As writers, we want to tell stories. Usually, we have stories in our head, or experiences that we want to translate into stories because they mean something to us, to our growth as human beings, or they have given us some insight on the human condition.  So we write about it.  And when it lands on paper, sometimes it lacks the same power our experience held, or it doesn’t quite communicate the transformative force of the experience.

I know I’m not the only one who experiences this because many writers have sat before me with a piece or writing in hand and said, “It just doesn’t feel right.”  Together, we dig deeper to find the underlying theme that made their experience transformative and to find out what that writer can teach others through their own experience via their main character.

This dilemma is why I’m offering our new Monthly Writer’s Room series, where we will uncover the reasons why what we write often doesn’t feel right, and how we can take an idea and turn it into something that carries significance.  Each month will dive into a different theme based upon the questions that come up when I’m working privately with writers.

February will be about finding the significance in your story.  This first workshop of the series, which takes place on Saturday, February 21st, is called Writing Your Passion.  We are going to talk about significance.  We’ll spend time discovering issues that are significant to us, find out what it is about that story that carries emotional weight and significance, and then learn how to translate those issues into a relatable fictional story with a compelling theme and strong main character.  Through the protagonist’s experience, we can communicate the power of our own transformative experience.

March will be about finding ways to be self-accountable rather than looking outside yourself for motivation.

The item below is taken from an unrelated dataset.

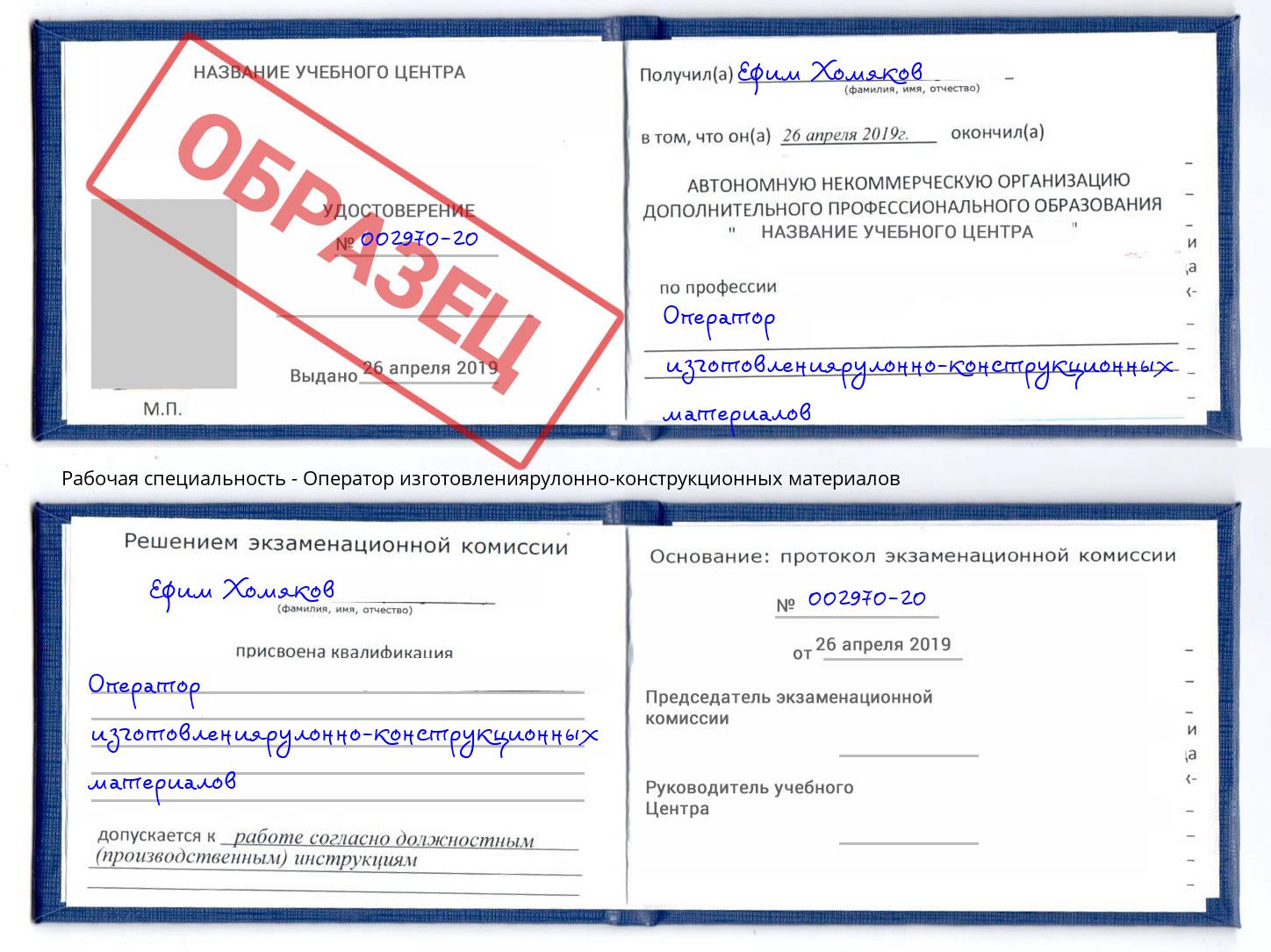 Оператор изготовлениярулонно-конструкционных материалов Грязи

April will be about how we can tell if we are “good enough.”  Many writers come to me and say, “I can’t tell if I am a good writer or not.”  In this workshop, we’ll talk about the tools you need to write a story so that you will be able to judge for yourself if you’ve written to the best of your ability.

May will be about how to set up your own writers group for success.  So many people start writers groups only to find that members dwindle away or the meetings dissolve into a socializing event.

Learn more here about the Monthly Writer’s Room workshop series.  I hope to see you there!  If you have any suggestions on future topics you’d like us to cover in the series, free free to leave a comment here on the blog.

The cookies were fantastic, by the way.